The Cease-Fire in the Republic of Congo Is the Latest Sign of Sassou Nguesso’s Weakness

The Cease-Fire in the Republic of Congo Is the Latest Sign of Sassou Nguesso’s Weakness
Congolese President Denis Sassou Nguesso is greeted by Mohamed Larbi Ould Khelifa, president of the lower house of Algeria’s parliament, Algiers, March 27, 2017 (Sipa photo by Billal Bensalem via AP).

For well over a year, information coming out of the Republic of Congo’s southeastern Pool region, though limited, has pointed to a brutal armed conflict with grave humanitarian consequences. In its crackdown on the Ntsiloulou rebel group, also known as the “Ninjas,” the government of President Denis Sassou Nguesso has been accused of carrying out torture, mass evictions, arbitrary arrests and even aerial bombardments against civilians. Grisly violence has also been attributed to the rebels, including attacks on rail lines connecting the region to the rest of the country.

The conflict in Pool started immediately after Sassou Nguesso was named the winner of the presidential election of March 2016, which gave him a new five-year term.
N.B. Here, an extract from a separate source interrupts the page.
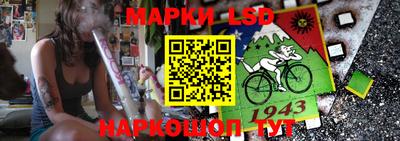 apvp Можга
The president has ruled Congo since 1979, with the exception of a five-year stretch in the 1990s following an election defeat. Though the constitution stipulated that his previous term should have been his last, Sassou Nguesso, 74, organized a controversial referendum in 2015 that altered the presidential term limit and did away with an age limit, allowing him to run again.

Following the announcement of the 2016 election results, amid opposition protests, the government blamed attacks on government buildings in the Makelekele district of Brazzaville, the capital, on the Ntsiloulou rebels, who had been dormant for years. The rebels’ leader, Frederic Bintsamou—who is also known by the alias Pastor Ntumi—is based in Pool, which is why the government’s reprisal campaign has been concentrated there. The remote location has meant the fighting has unfolded in near-total obscurity. “We knew that soldiers were getting killed because caskets were coming back to Brazzaville,” says Fonteh Akum, a senior researcher with the Institute for Security Studies in South Africa, who estimates that the army has lost around 120 soldiers. “We knew that people were being displaced as a result of the war. But no one actually knows the way the war was being prosecuted by state authorities.”